→ **WORK TO COMPLETE**
Your output is to consist only of the line containing "Armoire de rangement" and the lines after it, through the end of the data, reproduced exactly.

** SOURCE INFORMATION follows **

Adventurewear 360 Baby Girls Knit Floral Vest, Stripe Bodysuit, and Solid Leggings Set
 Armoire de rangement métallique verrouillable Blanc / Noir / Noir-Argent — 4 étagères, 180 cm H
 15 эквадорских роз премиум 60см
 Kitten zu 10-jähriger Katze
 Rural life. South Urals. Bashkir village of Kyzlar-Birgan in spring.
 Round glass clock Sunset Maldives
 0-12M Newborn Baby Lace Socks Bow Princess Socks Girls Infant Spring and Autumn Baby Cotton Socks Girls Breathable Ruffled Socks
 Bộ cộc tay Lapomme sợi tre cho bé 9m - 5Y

** End of SOURCE INFORMATION **

→ **ANSWER BOX**
 Armoire de rangement métallique verrouillable Blanc / Noir / Noir-Argent — 4 étagères, 180 cm H
 15 эквадорских роз премиум 60см
 Kitten zu 10-jähriger Katze
 Rural life. South Urals. Bashkir village of Kyzlar-Birgan in spring.
 Round glass clock Sunset Maldives
 0-12M Newborn Baby Lace Socks Bow Princess Socks Girls Infant Spring and Autumn Baby Cotton Socks Girls Breathable Ruffled Socks
 Bộ cộc tay Lapomme sợi tre cho bé 9m - 5Y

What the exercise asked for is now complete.